- [TO DO]: The expected result is the full listing, retyped exactly, without a single picture.
[SOURCE MATERIAL]
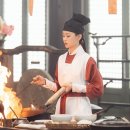 곰셰프네 이미지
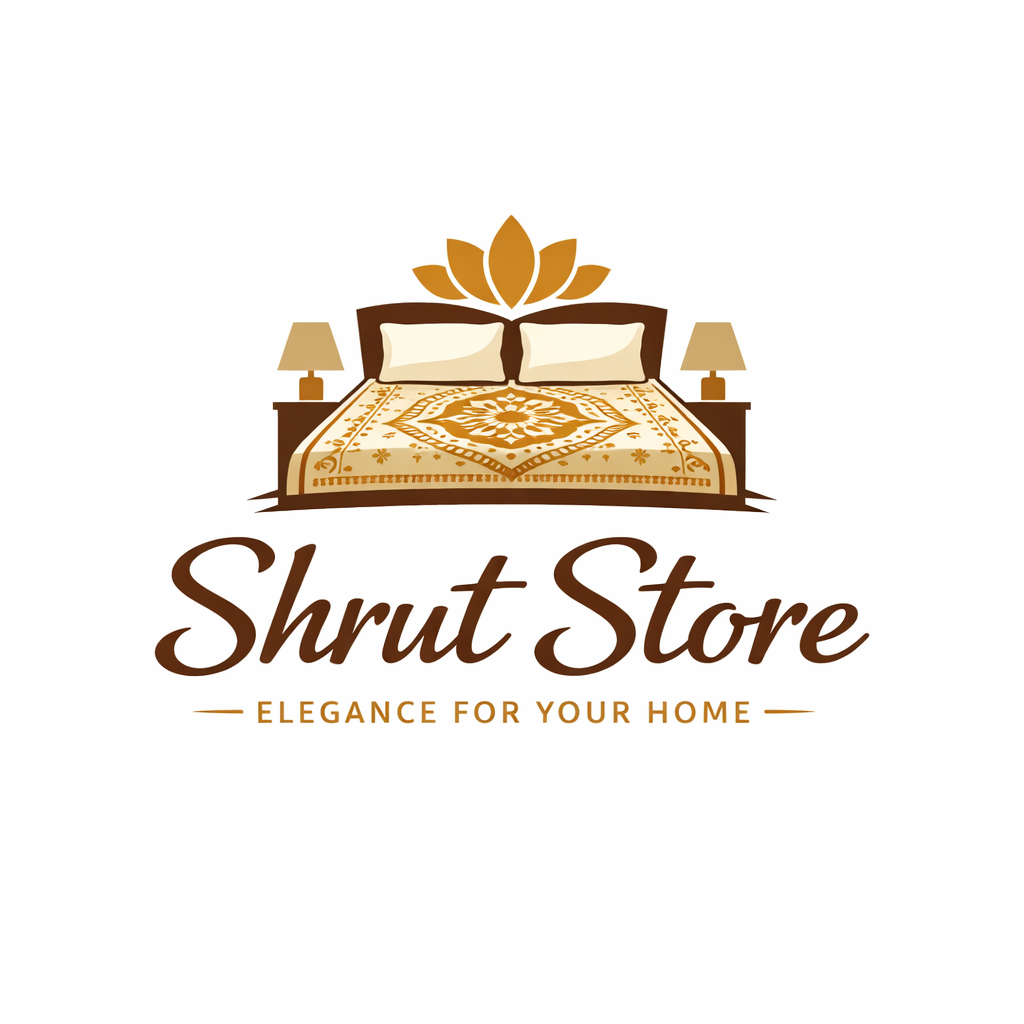 Shrut Store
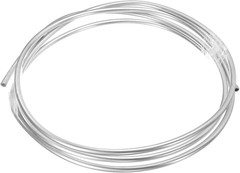 Stainless Steel Tubing Coil, 5/16″ OD X 10 Ft Industrial 304 Stainless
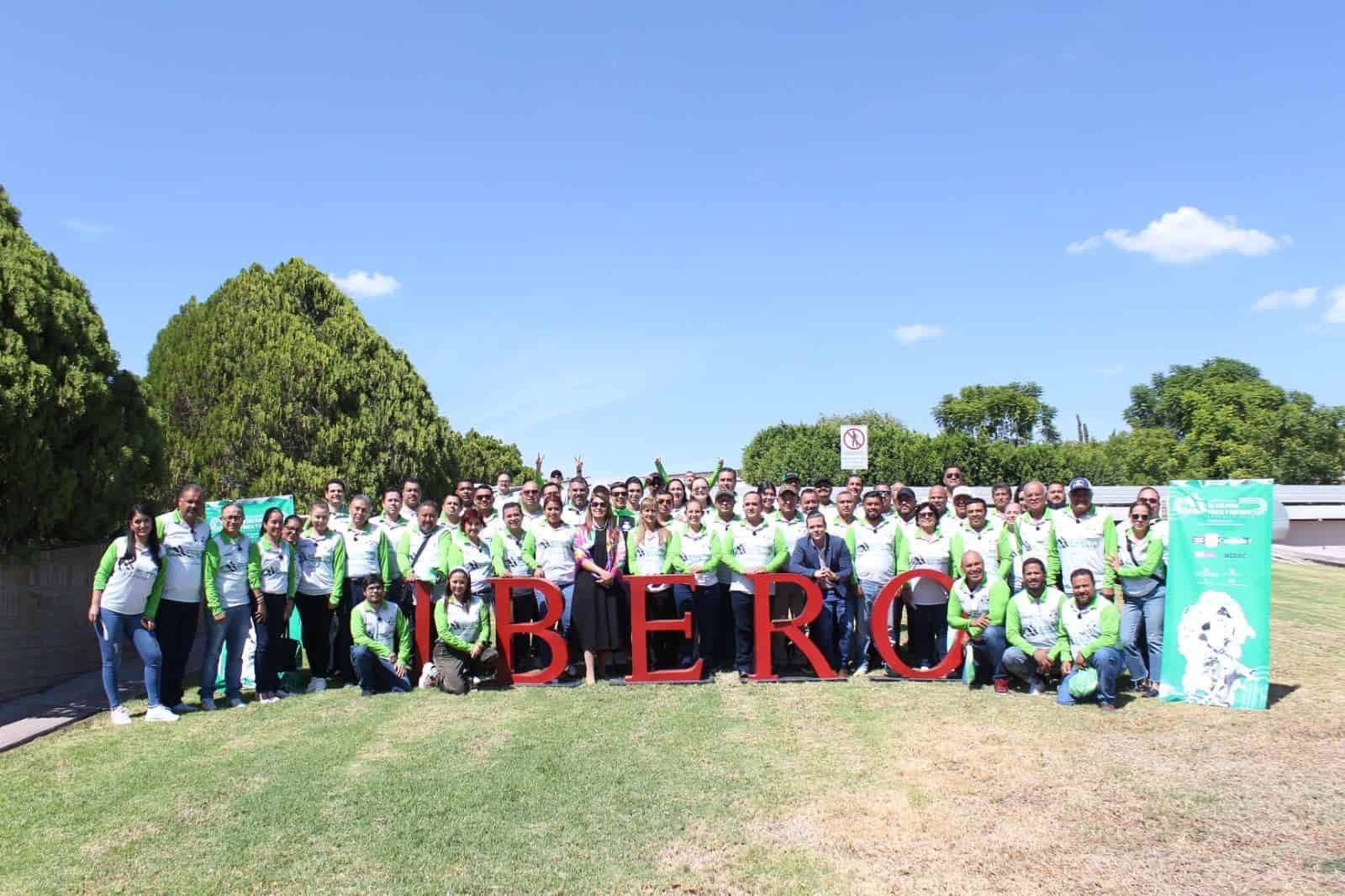 Presente Ciénegas en congreso de deporte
[/SOURCE MATERIAL]
- [YOUR SOLUTION]:
 곰셰프네 이미지
 Shrut Store
 Stainless Steel Tubing Coil, 5/16″ OD X 10 Ft Industrial 304 Stainless
 Presente Ciénegas en congreso de deporte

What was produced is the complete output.